● Your instructions
The answer must reproduce all of the data below exactly and contain no images.

● Data segment
/---

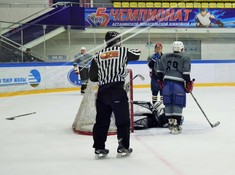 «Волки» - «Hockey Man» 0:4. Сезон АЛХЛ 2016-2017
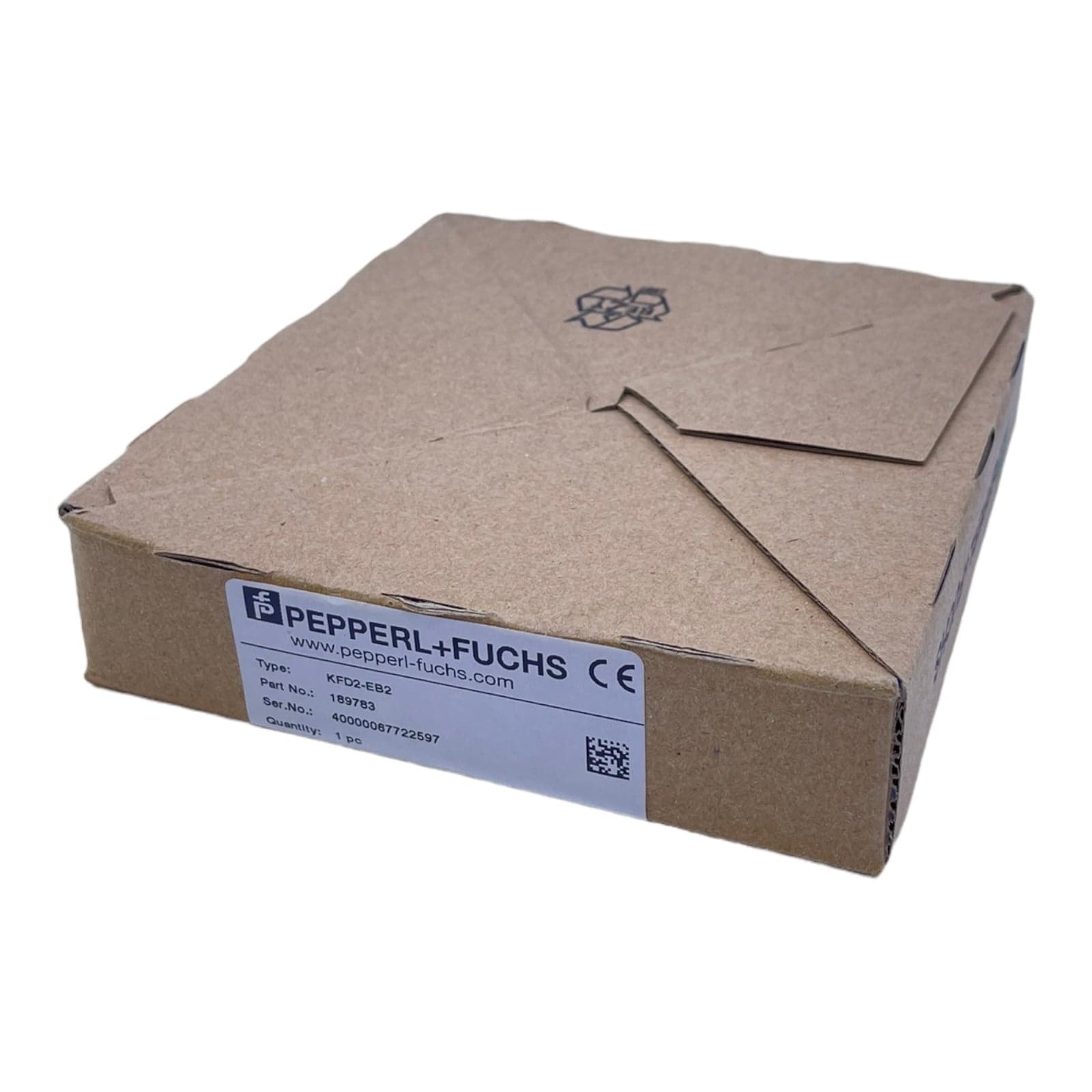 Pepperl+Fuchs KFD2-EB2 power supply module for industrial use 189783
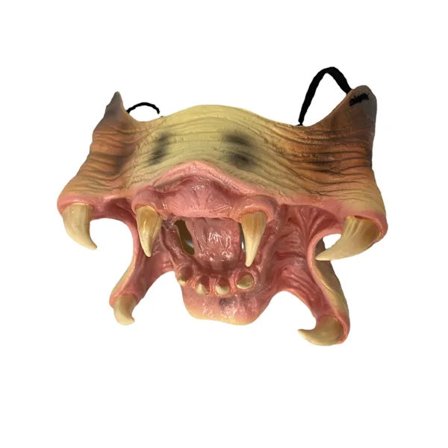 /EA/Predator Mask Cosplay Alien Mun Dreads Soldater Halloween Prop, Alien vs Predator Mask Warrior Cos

\---

● Solution
 «Волки» - «Hockey Man» 0:4. Сезон АЛХЛ 2016-2017
 Pepperl+Fuchs KFD2-EB2 power supply module for industrial use 189783
 /EA/Predator Mask Cosplay Alien Mun Dreads Soldater Halloween Prop, Alien vs Predator Mask Warrior Cos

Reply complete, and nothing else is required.